走るのとドリブルが同じくらいの選手ってほとんど見たことがありません。
私もサッカー経験者ですが『ドリブルすれば遅くなるのは当然だよ』と思ってました。
でも、そんなことは無いのです。
リオネル・メッシは走る速さと、ドリブルの速さがほぼ同じだそうです(詳しくは第1回のブログ参照)走るスピードとほぼ同じ速さでドリブルすることは可能です。それには練習が必要ですがドリブルの練習ってコーンドリブルしかやらないですよね?
ハーフコートを全力でドリブルさせたことありますか?
自分自身でも全力でハーフコートドリブルしたことありますか?
一度みんなにやらせてみて下さい
前方にボール放り出し追いかけるとんでもなく不細工なドリブルになります
コーンドリブルをやればやるだけ、ドリブルは遅くなります。倒したコーンを直せば直すほど、コーチがぶつかったことを指摘すればするほど、ぶつからないように丁寧に『ゆっくり』ドリブルをするようになります。
コーンドリブルはスピードドリブラーを強制的に殺してしまいます
私の息子達はスピードドリブラーです、ジュニア時代にそれを知っていた、あるパパコーチは『ぶつかってもいいからスピード落とすな!』と言って息子達にコーンドリブルをやらせてました。ぶつかっても危なく無い小さいコーンやマーカーを使って。

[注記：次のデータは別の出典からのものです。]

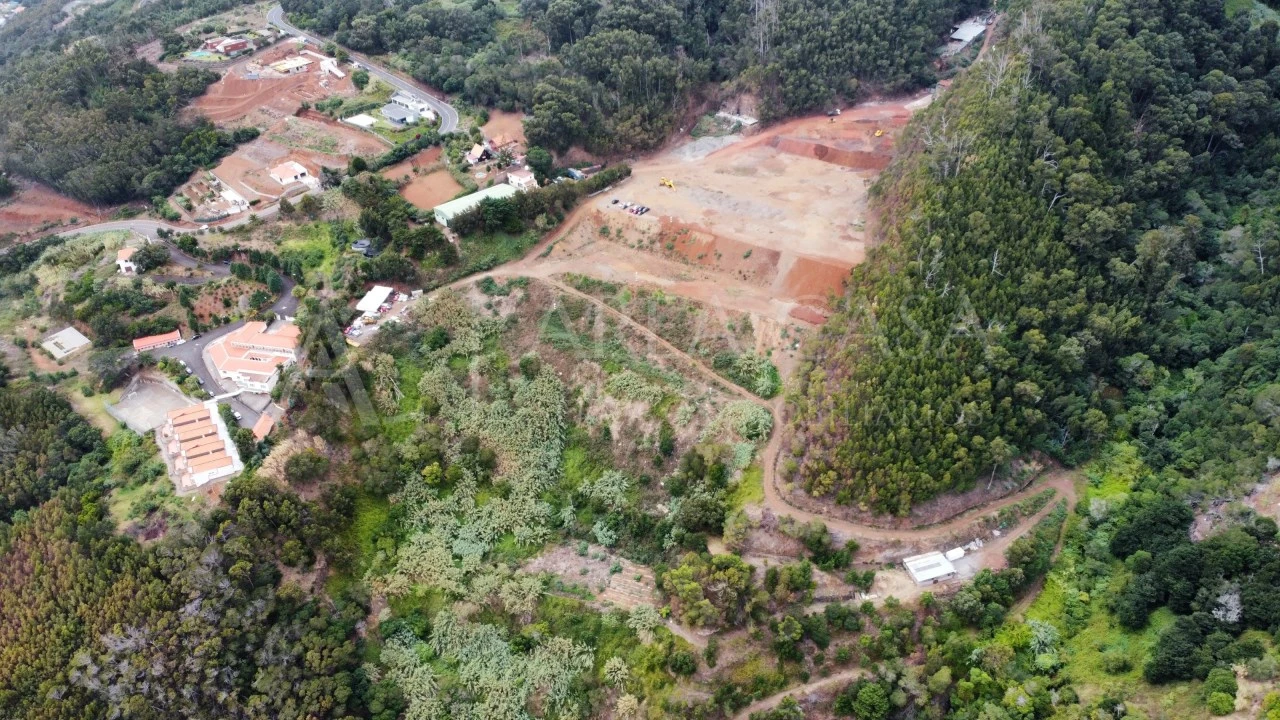 Terreno para Venda em Santa Cruz Foto 38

息子達はスピードに乗ってほぼ全部のマーカーをなぎ倒して行きます。それでも『止まらずドンドン行って』とい言いながらマーカーを直してくれるそのパパコーチ。その人がいなければ今の2人はいなかったと思います。
2.相手をみて抜けなくなる
ドリブルで相手を抜くためには『相手を抜けば良い』
凄く当たり前のことですが、意外と理解していない指導者が多いです
ドリブルが上手くなるためには何をしたら良いですかと聞くと
ボールタッチで足元の技術を磨くとかフェイントや抜き技の動画を見せたりとかそんな回答が返ってきませんか?
『相手を見る』それが一番大事だと思います
コーンドリブルは『相手を見る』ことを選手に省かせてしまいます
コーンの前ではダブルタッチやルーレットを繰り出し華麗にコーンを置き去りにしていきます。それと同じことを試合でも選手はやってしまいます。
相手がどっちをケアしているのか、相手の身体がどっちを向いているのか、そんなのお構い無しに自分の得意な『必殺技』を繰り出します。

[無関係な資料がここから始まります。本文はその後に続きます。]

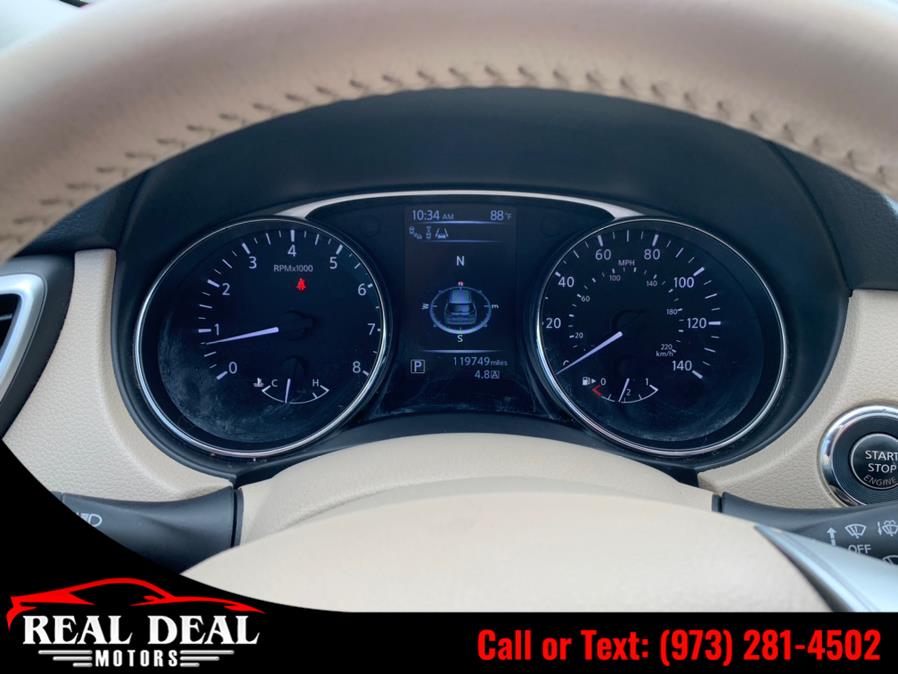 Used Nissan Rogue AWD 4dr SL 2015 | Real Deal Motors. Lodi, New Jersey Used Nissan Rogue AWD 4dr SL 2015 | Real Deal Motors. Lodi, New Jersey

キックフェイントで相手が避ければ、真っ直ぐドリブルしたって抜けます。それなのに必死に練習したネイマールばりのエラシコを繰り出しあえなく止められ、次は抜けるようにドリブルテクニック動画をyoutube で見てコーン相手にまた練習を繰り返します
そして、必殺技が失敗しないよう足元ばかり見るようなドリブルが完成してしまいます
そんな時間があれば友達や親と1対1やってください
3.ドリブルの個性が殺される
背が小さい子も大きい子も同じ間隔で並んだコーンを同じタッチ数で抜いていきます。
体格やボールの触り方は十人十色なのに、そのコーンを最短で抜ける正解は一つしかない。それを強制するのがコーンドリブルです。
中には『次はアウトサイドだけ、次はインサイドだけ、次は左足だけ』とかやってませんか?
回答はさらに絞られ個性は死んでいきます。
ドリブラーは小柄な子が多い気がしませんか?
コーンドリブルやってて体の大きい子は良く失敗するように思いませんか。
当たり前です、大人が同じようにやってみてください。コーンの間隔を広げたくなりますよ。
次男がJ下部に入り最初の練習で驚いたこと。J下部の選手達はボール持ったら常にドリブルします。これ、気付かない人が多いと思いますが気をつけてみてください。全国クラスの強豪チームはボール持ったら同じようにドリブルしてボールを止めません。抜くドリブルじゃなくボールを動かす、前に運ぶドリブルです。
中堅クラブチームではボールを持つと止まります。一旦止まってパス?ドリブル?クリア?と考えます。ある程度上に行くとドリブルは相手を抜くものでなく、試合中常に必要なもので自然に出来ないといけなくなります。
移動するときは相手を抜く必要はなく、いきたい場所に適切なスピードで動けるドリブルが必要になります。